Japan Mathematical Olympiad

For distinct three points $P$, $Q$, $R$, the description $\angle QPR=\theta$ means that line $PQ$ rotated around $P$ by angle $\theta$ counterclockwise coincides with line $PR$. Here $180^{\circ }$ difference is ignored. By the inscribed angle theorem, we have $\angle XBD=\angle XEC$, $\angle XDB=\angle XCE$. We also have $BD=BM=CM=CE$ hence triangle $BDX$ and triangle $ECX$ are congruent, therefore $BX=EX$. Let $N$ be the midpoint of arc $BC$ of triangle $ABC$'s circumcircle which includes $A$. We have $\angle BXE=\angle BAE=\angle BAC=\angle BNC$, and triangle $BEX$ is an isosceles triangle with apex $X$, triangle $BCN$ is an isosceles triangle with apex $N$. Also both $\angle BXE$ and $\angle BAC$ are acute angles, hence those two triangles are similar including orientation. Therefore we obtain $BX:BE=BN:BC$ and $\angle NBX=\angle EBX+\angle NBE=\angle CBN+\angle NBE=\angle CBE$, which shows triangle $BNX$ and triangle $BCE$ are similar. Also we have $$\angle XAB=\angle XEB=\angle NCB=\angle NAB$$ thus the points $A$, $N$, $X$ are collinear. Furthermore, $\angle BNO=\angle BNM=\angle BCM$ holds and triangle $BNO$ is an isosceles triangle with apex $O$, triangle $BCM$ is an isosceles triangle with apex $M$ hence those two are similar. Therefore by $CE=CM=BM$ we obtain $$NX=CE\cdot \frac{BN}{BC}=CM\cdot \frac{BO}{BM}=NO.$$ Let $T$ be the point symmetric to $N$ with respect to line $OX$, then above shows $TO=NO=NX=TX$ hence quadrilateral $NOTX$ is a rhombus.
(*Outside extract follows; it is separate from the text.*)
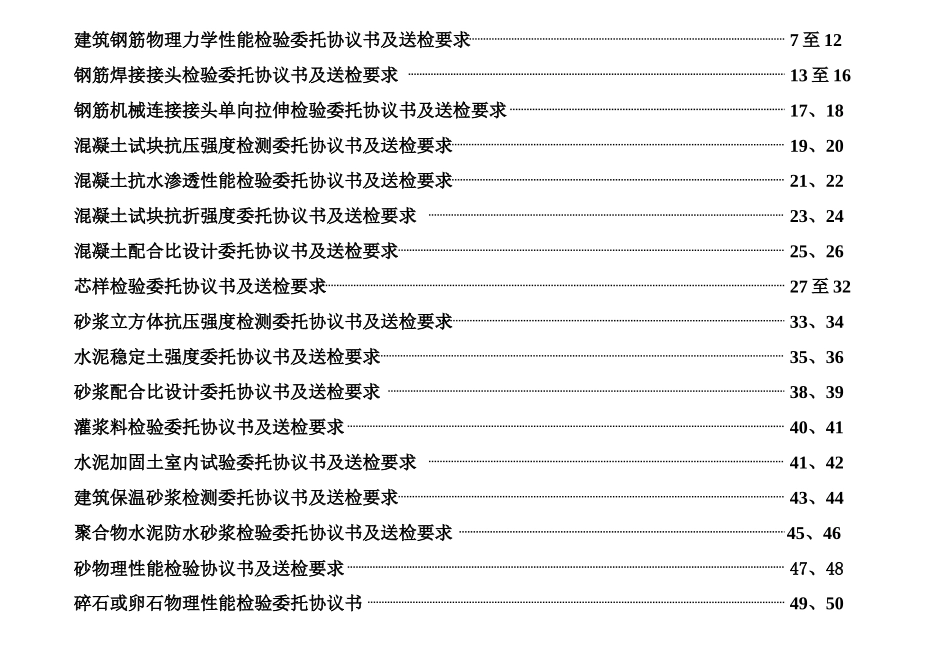 建材检测委托协议书填写样板及送检要求_第2页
Therefore we have $\angle OTX=\angle XNO=\angle OAX$, thus $T$ is on the circumcircle of triangle $AOX$. Also by $NO=OT$, $T$ is on the circumcircle of triangle $ABC$. Since we have $\angle MBD=\angle MCE$ and $BD=BM=CM=CE$, triangle $BDM$ and triangle $CEM$ are congruent, implying $DM=EM$. Also we have $\angle ADM=\angle CEM$ thus $E$ is on the circumcircle of triangle $ADM$. Furthermore, line $NX$ and line $OT$ are parallel and line $NX$ and line $AM$ are orthogonal, hence line $OT$ and line $AM$ are also orthogonal. Thus by $AO=MO$, we obtain $AT=MT$. Therefore, $A$ and $M$ are symmetric with respect to line $OT$, hence we have $\angle OAT=\angle TMO=\angle OTM$ and thus line $MT$ is tangent to the circumcircle of triangle $AOT$. Since we have $$\angle ATM=\angle ABM=\angle ADM+\angle DMB=2\angle ADM$$

and two points $D$ and $T$ are on the same side with respect to line $AM$, $T$ is the circumcenter of triangle $ADM$. Therefore, we have $DT=ET$, thus by $DM=EM$ we have proved line $MT$ is the perpendicular bisector of segment $DE$.